Friday, August 7, 2009

Third Instrument for NASA's Solar Dynamics Observatory Arrives at Goddard

The third and final instrument for NASA's Solar Dynamics Observatory (SDO) has joined the other two at NASA's Goddard Space Flight Center in Greenbelt, Md.

The Atmospheric Imaging Assembly (AIA) was delivered to Goddard in preparation for SDO's scheduled launch in December 2008. The AIA was designed and built at the Solar and Astrophysics Laboratory of the Lockheed Martin Advanced Technology Center (ATC), Palo Alto, Calif.

The AIA is a suite of four telescopes designed to provide an unprecedented view of the sun’s lower corona, a part of the sun’s atmosphere relatively close to the surface. AIA’s telescopes will take nearly simultaneous images in multiple wavelengths that span an area at least 50% larger than the sun. AIA will be able to quickly create new multiple-wavelength images, about one every ten seconds, allowing scientists to create detailed movies of rapidly evolving solar storms. The multiple-wavelength view allows the imaging of gases at different temperatures, from 10,000 to 30,000,000 degrees Kelvin (~20,000 to 50,000,000 degrees Farenheit). Observing coronal gas heated to different temperatures will help scientists trace how the sun’s magnetic energy, which powers violent solar weather, is released in the corona.

"This is a very significant step for the solar physics community. Having AIA complete and undergoing integration on to the SDO spacecraft means we’re getting very close to the time when this instrument will be providing the kind of data we need to unravel mysteries of the sun that have been just beyond our grasp," said Alan Title, AIA principal investigator and a solar physicist of the ATC.

The AIA will provide new details about how the plasma and magnetic field in the corona changes during stormy activity like flares and eruptions as well as during relatively quiet times. These details are required for scientists using computer-generated models to test their theories about how magnetic energy is released in solar storms. Scientists hope observations with AIA will give them new insight into the physics behind the magnetic activity in the sun's atmosphere that drives space weather. New details about the physics show scientists how to revise their models. Comparing those revised models to AIA’s observations shows the scientists how well they simulate what was actually seen on the sun. Ultimately, scientists will use the new data from the AIA, the other instruments on SDO, and other solar observatories to improve forecasts of severe space weather. This is the goal of NASA's Living With a Star program.
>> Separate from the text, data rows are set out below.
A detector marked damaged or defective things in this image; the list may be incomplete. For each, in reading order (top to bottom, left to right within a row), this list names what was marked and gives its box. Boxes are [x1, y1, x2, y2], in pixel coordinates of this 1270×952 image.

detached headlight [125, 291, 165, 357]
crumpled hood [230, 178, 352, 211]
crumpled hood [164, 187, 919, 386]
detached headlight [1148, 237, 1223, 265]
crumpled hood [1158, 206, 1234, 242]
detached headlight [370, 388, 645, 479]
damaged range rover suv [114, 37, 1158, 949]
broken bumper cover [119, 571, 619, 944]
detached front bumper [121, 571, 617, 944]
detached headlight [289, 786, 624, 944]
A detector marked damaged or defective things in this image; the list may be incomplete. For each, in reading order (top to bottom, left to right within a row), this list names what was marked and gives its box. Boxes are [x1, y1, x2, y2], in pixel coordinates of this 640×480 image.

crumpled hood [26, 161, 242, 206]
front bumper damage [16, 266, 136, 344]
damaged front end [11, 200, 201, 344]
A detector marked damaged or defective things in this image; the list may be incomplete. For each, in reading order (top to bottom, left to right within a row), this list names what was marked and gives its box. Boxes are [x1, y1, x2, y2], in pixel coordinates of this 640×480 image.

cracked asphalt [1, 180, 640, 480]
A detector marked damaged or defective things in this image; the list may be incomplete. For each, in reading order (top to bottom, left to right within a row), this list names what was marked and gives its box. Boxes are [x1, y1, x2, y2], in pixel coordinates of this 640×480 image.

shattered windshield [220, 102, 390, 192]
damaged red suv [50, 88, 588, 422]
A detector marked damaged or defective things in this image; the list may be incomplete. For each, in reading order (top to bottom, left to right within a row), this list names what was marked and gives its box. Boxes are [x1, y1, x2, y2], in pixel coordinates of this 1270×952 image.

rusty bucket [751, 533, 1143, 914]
The Solar Dynamics Observatory instruments, which include the AIA, the Heliospheric and Magnetic Imager and the Extreme Ultraviolet Variability Experiment, are designed to work together. Their coordinated observations will determine how the sun’s magnetic field is generated and structured, how this stored magnetic energy is converted into heat and light, how it is released as solar wind and energetic particles, and how these processes change the solar irradiance. Solar irradiance is the source of virtually all the energy that enables life on Earth.

SDO is a major component of a fleet of focused science missions developed by the NASA Heliophysics Division. Each mission will cooperate with the others as components of a Great Observatory whose goal is to understand our heliosphere – the domain of the sun.